Dorms Doomed?

Gin Dumcius

As students steeled themselves for the Long Terrible Week of Finals, UMass Boston administration officials were experiencing a hellish week of their own, when Governor Mitt Romney canceled a bond sale that included money for dorms.

One can imagine the tension and frustration up on the Quinn Building’s third floor, and the nightmares that probably followed the officials home; nightmares of a horned red Romney looming over dorms sinking into Dorchester Bay like an Atlantean stone.

UMass Boston Chancellor Jo Ann Gora called the week “very disappointing” and said she was “saddened that what we’ve been working at the last seventeen months is all of a sudden off the table.”

Romney last Monday cancelled the bond sale, worth $371 million, through his Administration and Finance Secretary Eric Kriss, who called it “fiscally unsound.” $218 million was set to go to the dorms, a controversial project since its inception.

UMass President William Bulger, acting with authority given to him by the Board of Trustees to prioritize projects, decided to pull back from dorms, personally calling state Senator Jack Hart with the news.

Some students, faculty, politicianswhich include UMass Boston graduates Mayor Thomas Menino and city councilor Maureen Feeney–and a nearly unanimous Dorchester community have been dead set against the dorms. Students and faculty have said it would compromise the school’s urban mission-that of serving the non-traditional, older population- and the community cites a promise made long ago when the school was first built that the university would never build dorms and remain a commuter school. The Dorchester Reporter has extensively covered the issue.

Talks between the university and the community have been steadily breaking down, with many in the community seeing the university as plunging ahead with dormitories, regardless of outcry or concern, and without an impact study.

The university had scheduled meeting at the IBEW Hall on Monday, May 12, which was quickly cancelled after the news hit the wires.

“We cancelled the meeting because we felt there wasn’t the same urgency,” said Gora. “But we want to continue conversations with the community and with the civic associations and try to continue to explain why it is important to the university and why it is appropriate for the university to be able to build on its own footprint.” With “more conversation and more interaction there’s always more understanding,” she said.
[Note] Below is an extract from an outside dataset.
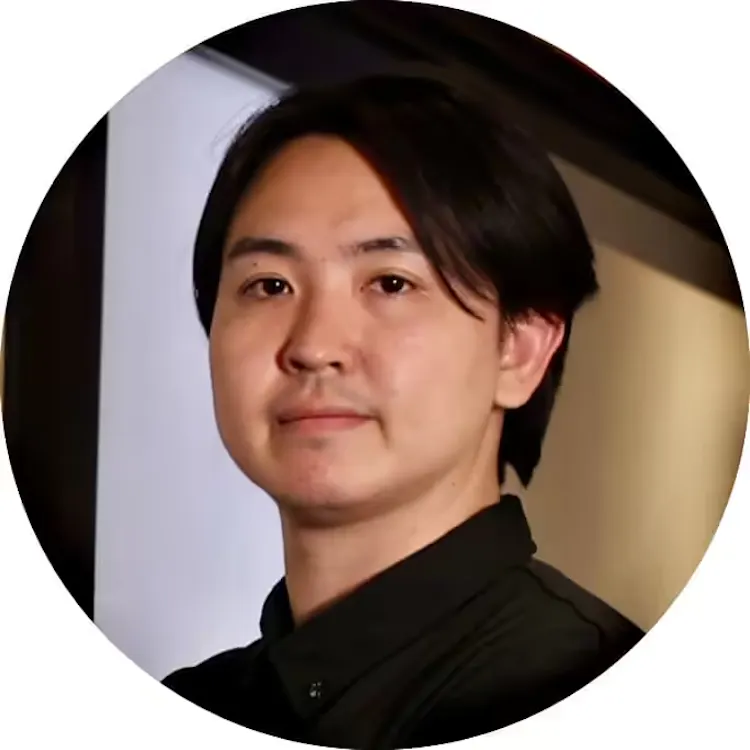 山本トレーナー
An April letter from the Office of University Communications was sent out to UMass Boston students and Dorchester residents, informing them of the May 12 meeting. “Whether you are for, against, or undecided about our hopes to build residential housing, I would be most appreciative if you could join me and my senior staff at the meeting,” wrote Chancellor Gora.
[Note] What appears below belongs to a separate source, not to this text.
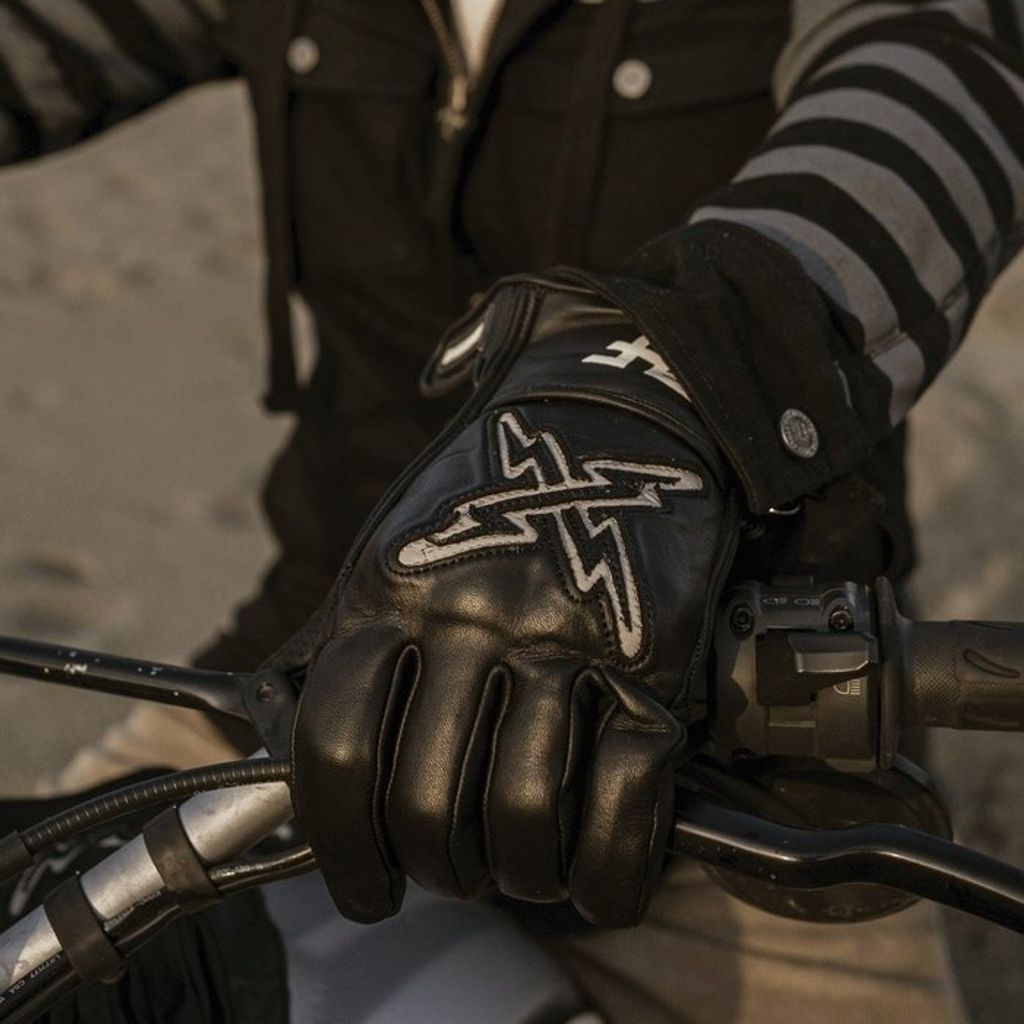 tw-11134201-7qukz-lewqpseh4oxbfd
Scheduled college events were changed because the meeting, like the Athletic Department’s Annual Athletic Awards Banquet, which was moved back an hour so people could make the meeting.

Charlie Titus, director of athletics, wrote in a letter to student-athletes, “I believe a strong presence [at the meeting] by student-athletes and members of our staff will make a positive impact on the efforts of the UMB administration toward the development of student housing opportunities.”
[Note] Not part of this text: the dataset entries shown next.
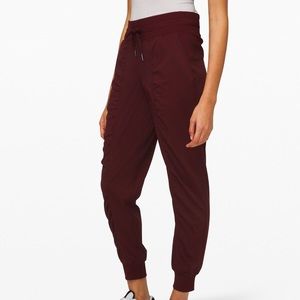 Lululemon Dance Studio Jogger 29”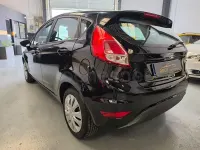 Usado Ford Fiesta Trend 82 CV (60 kW) 2016 Negro Utilitario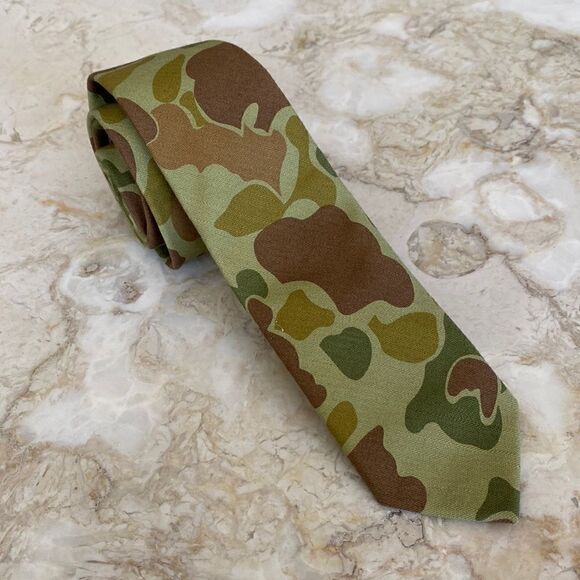 Urban Outfitters Penfield Lawndale Unisex Camo Tie 100% Cotton - Picture 2 of 6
Asking them to join him at the meeting and promising transportation from the Athletic Department to and from the meeting hall, Titus wrote, “We have the opportunity to provide strong support for our administration and play a critical role in the future of this institution and UMB Athletics.”

A cancellation notice was mailed out May 9, this time from the Athletics Department, thanking people for their consideration to attend.

The nixing of the dorms has had mixed reactions on campus.

“As an international student, I think it was a good idea,” says Omar Bukhari, the student trustee-elect. “[Dorms] would attract students from across the globe.” Out of state and international students comprise 12% of the student population.

Dorms would also satisfy the needs of those who want to have the full college experience. According to an internal Fall 2001 survey, 34% of Fall 2000 freshman who left, left for a college with residential housing. Now with dorms indefinitely “off the table,” Chancellor Gora says the university will be thinking of other ways satisfy those students’ needs.

Colleen O’Malley, of the Queer Student Union, and student senator-elect, is against the dorms, and feels the focus should be on maintenance and the urban mission.

According to The Boston Globe, Secretary of Finance Kriss, along with calling the bond sale dangerous to the economy, has said the bond sale does not jibe with Romney’s “fix it first” policies, suggesting that maintenance should come first, rather than construction projects like dorms.

Donna Neal, associate director of student life and Dorchester resident, said, “Obviously it’s not a time to build dorms, especially when the specter of tuition, fee increases and layoffs and course offering cuts looms. [We] have to try to maintain current services as we can.”

While declining to say whether she’s in support of dorms or not, exiting student trustee Heather Dawood said she supported Bulger’s decision to withdraw funding for dorms at this time, and revisit dorms at another time.

The bond’s cancellation was seen by many as another escalation in the bitter battle between the governor and Bulger, a former Senate president. When Romney unveiled his plan to reorganize higher education several months later, Bulger’s $5.6 million dollar office was targeted for elimination. Romney stated that nearly $14 million would be saved, which would go to scholarships for students.

According to Bulger spokesperson John Hoey, the elimination of the central UMass administration would cost more, not less, since all of its affairs would have to be diverted to each of the five individual UMass campuses.